EXERCISE DETAILS: Nothing but the text of the records should come back; copy it exactly and leave the pictures out.

MATERIAL PROVIDED:
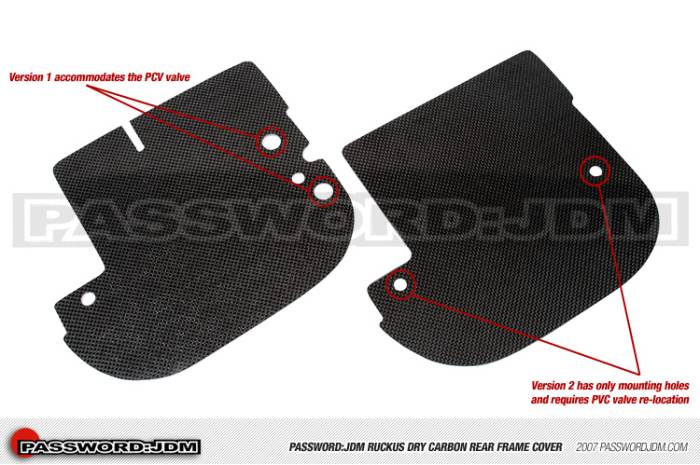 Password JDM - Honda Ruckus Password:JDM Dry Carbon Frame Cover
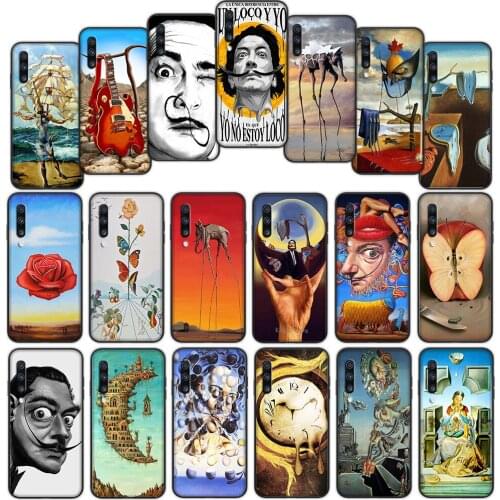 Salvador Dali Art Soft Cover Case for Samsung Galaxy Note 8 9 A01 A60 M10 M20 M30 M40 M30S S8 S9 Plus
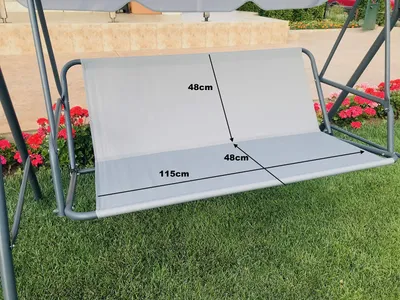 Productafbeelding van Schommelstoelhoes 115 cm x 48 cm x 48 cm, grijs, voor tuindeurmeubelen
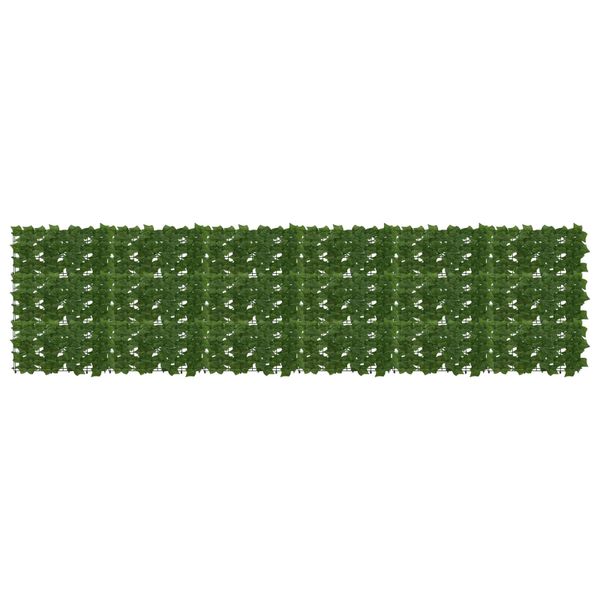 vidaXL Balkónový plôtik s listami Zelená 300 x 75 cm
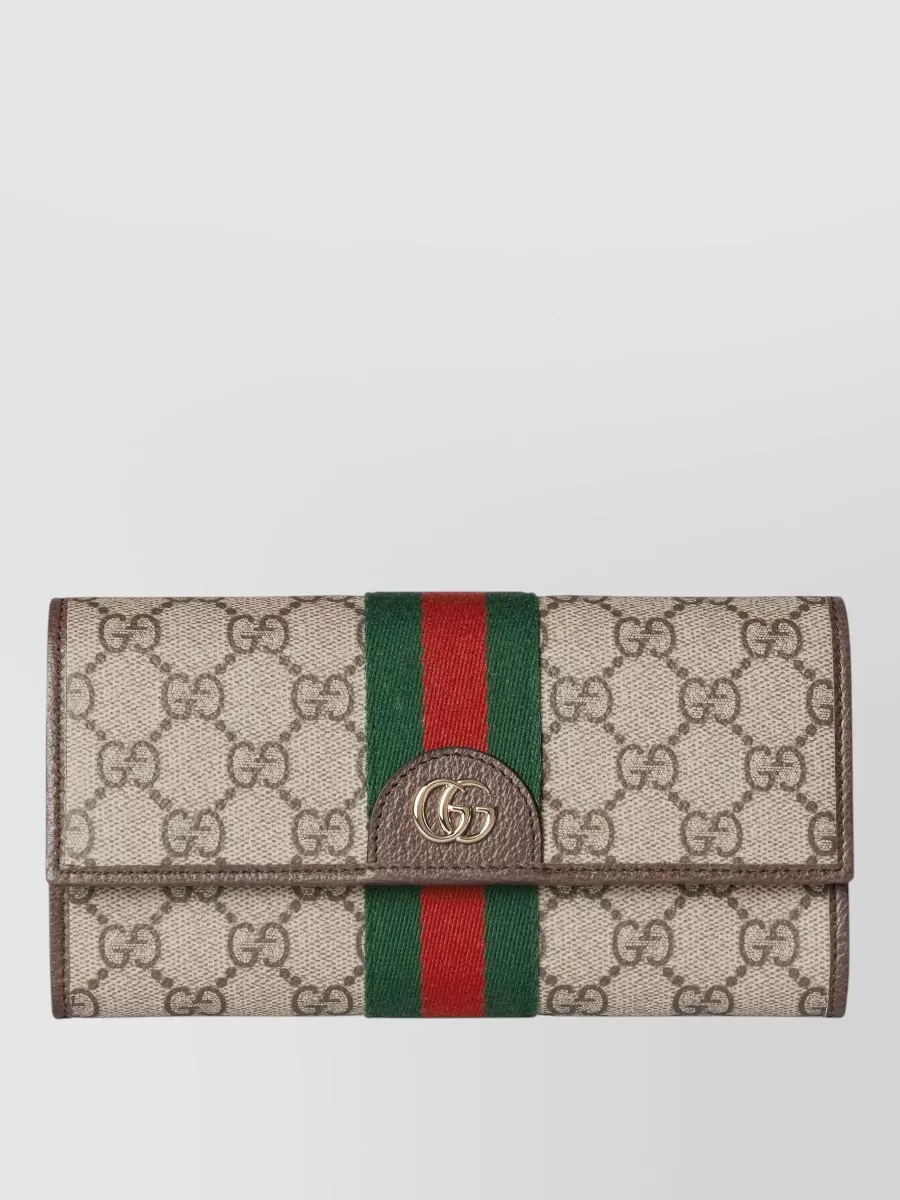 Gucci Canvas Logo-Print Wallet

ANSWER BELOW:
 Password JDM - Honda Ruckus Password:JDM Dry Carbon Frame Cover
 Salvador Dali Art Soft Cover Case for Samsung Galaxy Note 8 9 A01 A60 M10 M20 M30 M40 M30S S8 S9 Plus
 Productafbeelding van Schommelstoelhoes 115 cm x 48 cm x 48 cm, grijs, voor tuindeurmeubelen
 vidaXL Balkónový plôtik s listami Zelená 300 x 75 cm
 Gucci Canvas Logo-Print Wallet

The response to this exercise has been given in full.